Но во второй половине 1920‐х ситуация поменялась. Кожанка перестала считаться модной и престижной вещью, что можно расценивать как признак демилитаризации жизни. Отказ от ношения старых военизированных атрибутов одежды демонстрировал не только усталость от психологического напряжения «военного коммунизма», но и повышение уровня жизни рядовых горожан. Бывший член Государственной думы, ярый монархист Василий Шульгин тайно посетил в 1925 году СССР. Он стремился выглядеть по-советски, чтобы не выделяться из толпы. Но каково же было его удивление, когда прохожие с любопытством поглядывали на странного нарочито «комиссарского вида человека». «Этот вышедший из моды тип, – писал Шульгин, – еще хранивший облинявшие заветы коммунизма, был я. О, ирония судьбы»1006
.В конце 1930‐х – начале 1940‐х годов кожаную одежду вновь можно было видеть на улицах советских городов, но носили ее лишь военные. Как своеобразный социальный маркер изделия из кожи выступили в самом конце Великой Отечественной войны. По воспоминаниям современников, работников наркоматов в это время стали узнавать на улицах по светло-коричневым кожаным пальто. Они в качестве шоферской спецодежды прилагались к автомашинам, присылаемым по ленд-лизу американцами. Машины отправляли на фронт, а кожаные пальто оседали в Москве, но унисексуального характера не обрели. Это была мужская одежда. Лишь в 1970‐е годы кожаные куртки, пальто, пиджаки начали носить и женщины. В это же время появились остромодные юбки из кожи. Это был особый вид унисекс-одежды, в котором сочеталась размытая гендерная принадлежность материала (кожи) и утрированная, даже агрессивная женственность формы («мини»). В 1969 году и я стала обладательницей такой вещи: отец из служебной командировки в Чехословакию привез мне жемчужно-серую мини-юбку из лайковой кожи.

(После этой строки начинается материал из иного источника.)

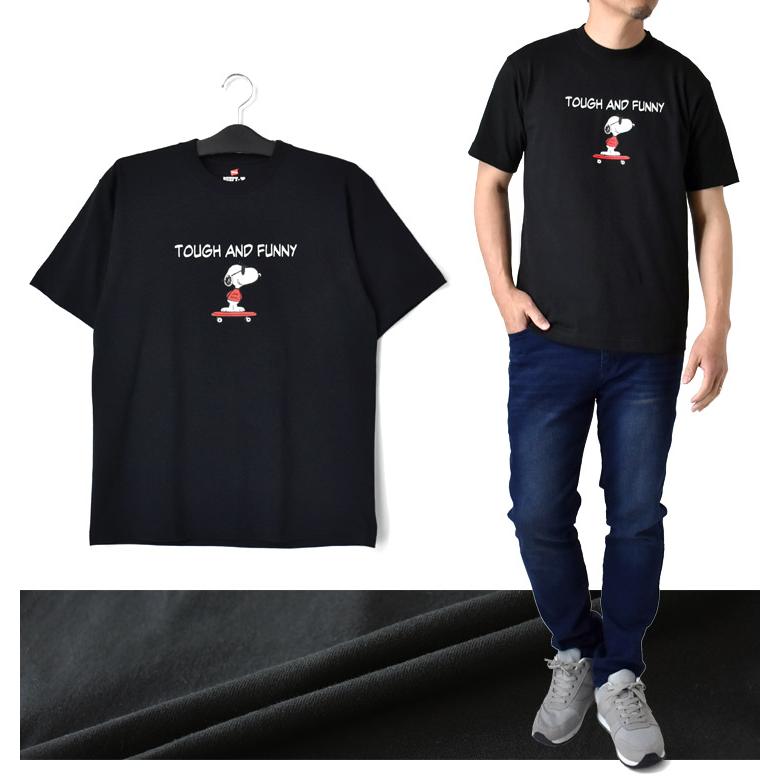 ヘインズ スヌーピー Tシャツ ビーフィー Hanes BEEFY-T ピーナッツ PEANUT メンズ レディース 半袖 プリント 厚手 コットン 綿100% キャラクター セール 爆買 | BEEFY-T | 12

Конечно, о мини-моде я знала и раньше, но в частном пространстве все сводилось к «самостроку», то есть пошиву модной составляющей женского туалета, а скорее, к «саморезу» – демонстративному укорачиванию уже имевшейся одежды. И вот реальное счастье – фирменное мини, к тому же кожаное. И все же юбка до сих пор у меня вызывает ассоциации не столько с модой, сколько с политическими событиями конца 1960‐х годов, с Пражской весной. Мне вспоминается вторжение советских войск в Чехословакию 21 августа 1968 года. Тогда я испытала не возмущение, а реальный страх. Наверно, его корни прятались в моем детстве. Осенью 1956 года я слушала радиопередачи о событиях в Венгрии. Конечно, советская пропаганда с особым чувством подавала сведения об убийствах коммунистов и сотрудников органов безопасности в Будапеште, но я этого не понимала и страшно боялась, что такое может произойти и у нас. Я была советским ребенком, родившимся в семье членов коммунистической партии, и оставалась такой же в юности, чего не стыжусь ныне в своем очень зрелом возрасте. И это честнее, чем стремление многих обязательно приписать себе статус бывших стиляг или диссидентов. Моя взволнованность еще усилилась, когда в начале апреля 1969 года папа с делегацией представителей Академии наук поехал в Прагу. За несколько дней до этого, 15–31 марта, состоялся чемпионат мира по хоккею. Команда СССР дважды проиграла чехам. Их центральным нападающим и самым результативным игроком был Вацлав Недоманский. И все же сборной ЧССР досталось только третье место. Раздражение болельщиков слилось с ненавистью ко всему советскому. В Праге вновь начались волнения… Отец рассказывал о надписях на стенах домов, расположенных около советского посольства: «У вас Даманский (остров на границе с Китаем, где в марте 1969 года произошел вооруженный конфликт), а у нас Недоманский». Встречи советской академической делегации с чешскими учеными происходили в нервозной обстановке, передвигаться по Праге рекомендовали группами. И все же я получила модную юбку. В семье мы ее долго звали «хоккейной».